In the 1965 an "ArchiParhiTura" (also spelled ArchiParchiTura; ארכיפרחיטורה) procession was carried outin Haifa. It was a Purim parade which had giant displays made by Technion architecture students ("ArchiParhiTura" is the Hebrew combination of the words architecture and "archi parhi", a Talmudic expression of vagabond) and set on trucks. The parade went through Herzl Street in the Hadar Hacarmel area and was accompanied by an orchestra.

In the last few years, an attempt was made to return to tradition and resume the Adloyada as an important main event in different cities.

== Outside of Israel ==
A Purim parade has been held in Atlanta, Georgia since 1992. Purim carnivals, with or without a parade component, have been held in other cities.

==The name Adloyada==
In the beginning, the parade was called "carnival". In 1923, a competition was held in order to find a new permanent name for the parade. Out of 300 submissions, author Isaac Dov Berkowitz's entry Adloyada was chosen.

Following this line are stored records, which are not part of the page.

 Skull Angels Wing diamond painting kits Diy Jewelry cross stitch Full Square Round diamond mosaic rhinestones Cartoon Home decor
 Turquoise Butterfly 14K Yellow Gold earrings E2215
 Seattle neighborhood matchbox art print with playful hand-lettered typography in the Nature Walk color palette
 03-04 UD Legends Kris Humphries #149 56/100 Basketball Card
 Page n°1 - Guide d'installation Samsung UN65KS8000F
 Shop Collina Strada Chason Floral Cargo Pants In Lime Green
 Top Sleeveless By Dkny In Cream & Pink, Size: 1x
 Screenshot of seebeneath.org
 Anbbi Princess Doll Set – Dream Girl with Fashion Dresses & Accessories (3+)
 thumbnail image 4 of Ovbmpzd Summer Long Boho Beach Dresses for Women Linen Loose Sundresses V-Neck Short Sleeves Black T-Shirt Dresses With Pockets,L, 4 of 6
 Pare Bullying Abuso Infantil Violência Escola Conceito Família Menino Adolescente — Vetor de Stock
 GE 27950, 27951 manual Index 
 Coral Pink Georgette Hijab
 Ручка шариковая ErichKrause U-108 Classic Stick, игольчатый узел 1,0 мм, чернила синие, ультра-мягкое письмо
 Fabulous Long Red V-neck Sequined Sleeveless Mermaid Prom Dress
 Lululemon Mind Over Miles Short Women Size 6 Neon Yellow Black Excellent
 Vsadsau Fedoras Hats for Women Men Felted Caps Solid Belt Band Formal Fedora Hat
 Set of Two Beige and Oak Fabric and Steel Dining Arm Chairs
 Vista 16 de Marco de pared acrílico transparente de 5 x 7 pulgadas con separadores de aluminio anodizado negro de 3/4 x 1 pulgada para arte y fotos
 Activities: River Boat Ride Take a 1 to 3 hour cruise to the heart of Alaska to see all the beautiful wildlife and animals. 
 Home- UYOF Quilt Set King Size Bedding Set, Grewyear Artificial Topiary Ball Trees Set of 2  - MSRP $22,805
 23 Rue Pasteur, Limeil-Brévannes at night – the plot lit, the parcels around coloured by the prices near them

Adloyada means reaching a state of total intoxication. The expression comes from the Aramaic expression stated by Rabbah in the Babylonian Talmud, Tractate Megilla: "It is the duty of a man to mellow himself ... on Purim until he cannot tell the difference between 'cursed be Haman' and 'blessed be Mordecai'." This means that people should drink on Purim until he reaches a state of not being able to distinguish between the evil Haman and the blessed Mordecai.

Among the other submitted suggestions were Hayim Nahman Bialik's entry "Pura", Tchernichovsky's entry "Astoret" and Avraham Shlonsky's entry "Tzahalula".